◆ DATA BELOW ◆
★ ★ ★ ★ ★ ★ ★

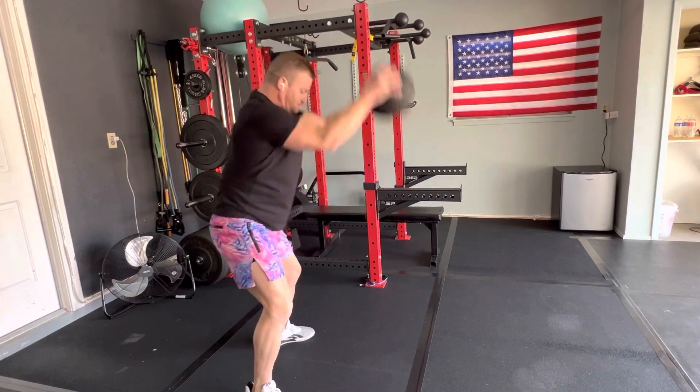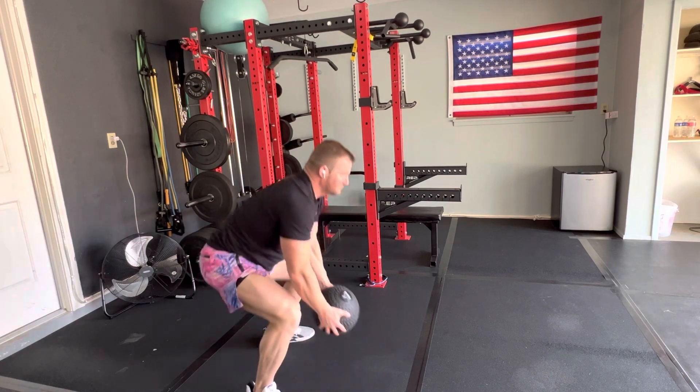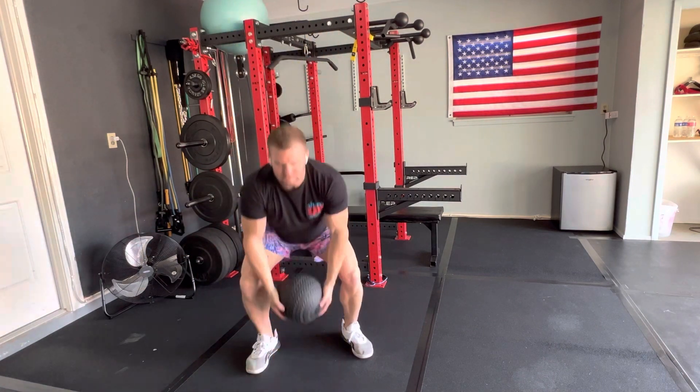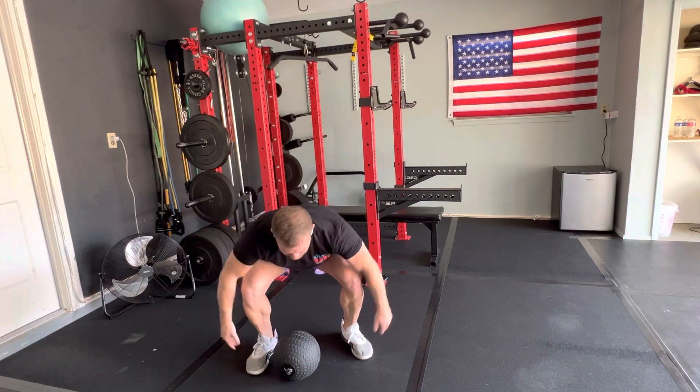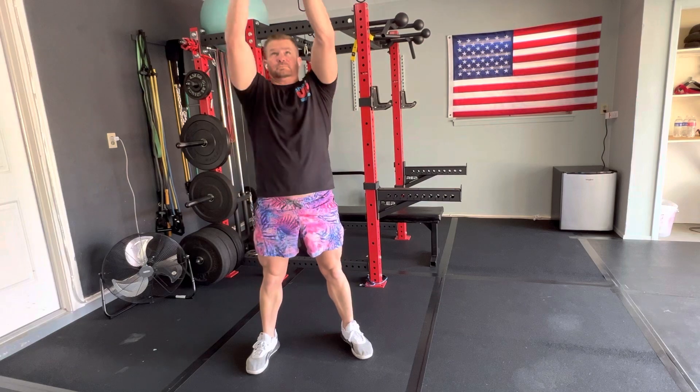Right here we have the ball slam. You're going to bring the ball up overhead, drive your hips back, and slam that down as hard as you can. Make sure that you use your hips, use your core, bring your hands behind you, and drive as hard as you can.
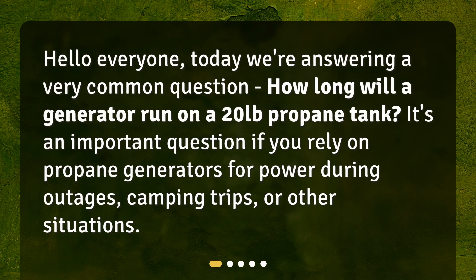Hello everyone. Today we're answering a very common question: how long will a generator run on a 20 pound propane tank? It's an important question if you rely on propane generators for power during outages, camping trips, or other situations.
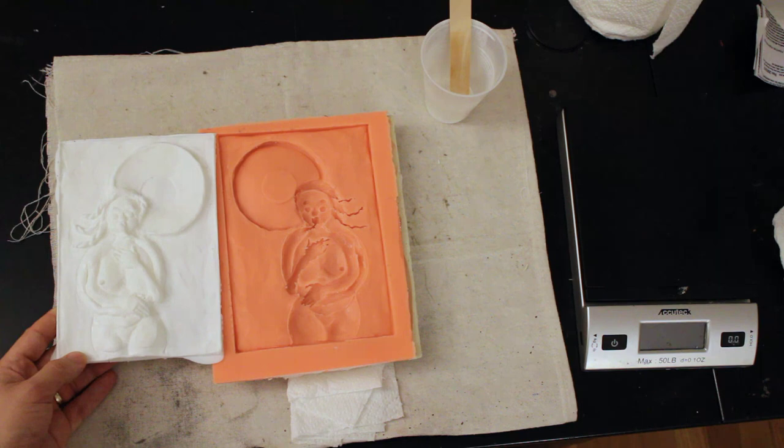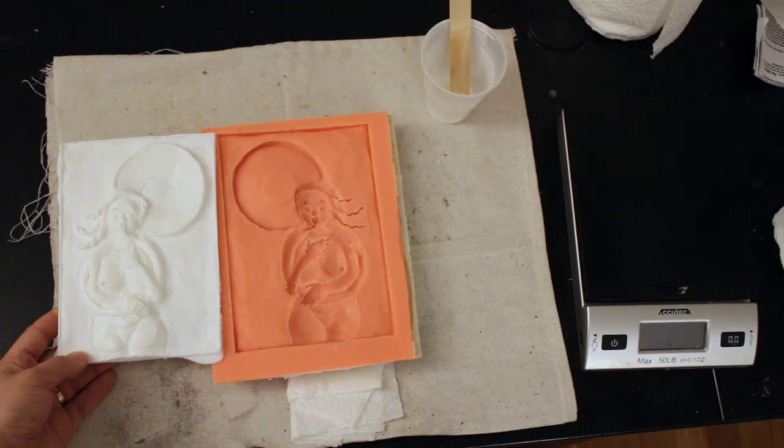To create this work, I sculpted the figure in clay, then I made a mold. Resin is poured into the mold to make a duplicate, which is then colored by hand.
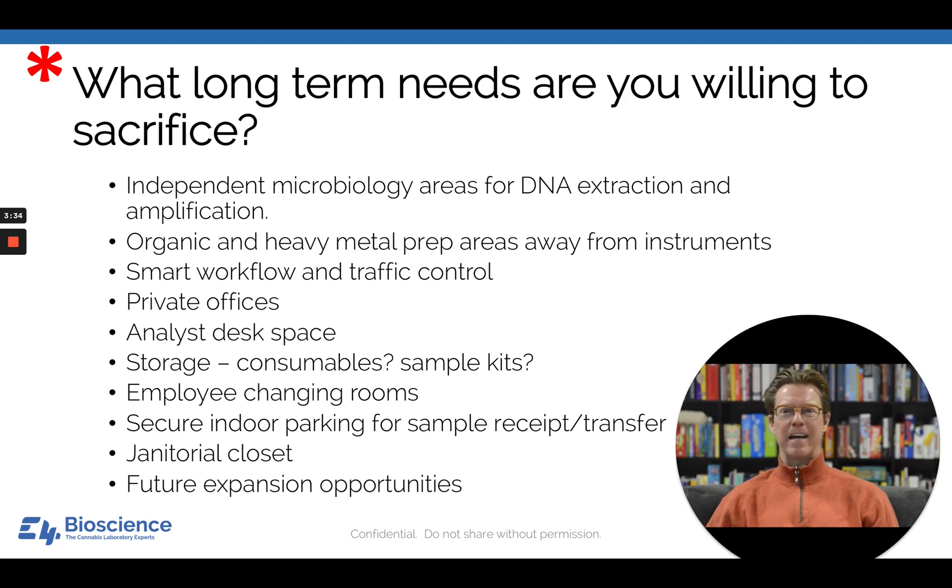Are you going to have storage space? Not so much for chemicals, because those have to go in appropriate explosion-proof containers. But what about all your non-combustible consumables—plasticware in particular? And what about sample kits? If the laboratory is responsible for sampling, where are you going to build and store those kits?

★ ★ ★ ★ ★ ★ ★

◆ INSTRUCTIONS FOR THE TASK ◆
Transcribe everything above exactly. Do not include the pictures.

◆ RESULT FOR THIS EXERCISE ◆
Right here we have the ball slam. You're going to bring the ball up overhead, drive your hips back, and slam that down as hard as you can. Make sure that you use your hips, use your core, bring your hands behind you, and drive as hard as you can.
Hello everyone. Today we're answering a very common question: how long will a generator run on a 20 pound propane tank? It's an important question if you rely on propane generators for power during outages, camping trips, or other situations.
To create this work, I sculpted the figure in clay, then I made a mold. Resin is poured into the mold to make a duplicate, which is then colored by hand.
Are you going to have storage space? Not so much for chemicals, because those have to go in appropriate explosion-proof containers. But what about all your non-combustible consumables—plasticware in particular? And what about sample kits? If the laboratory is responsible for sampling, where are you going to build and store those kits?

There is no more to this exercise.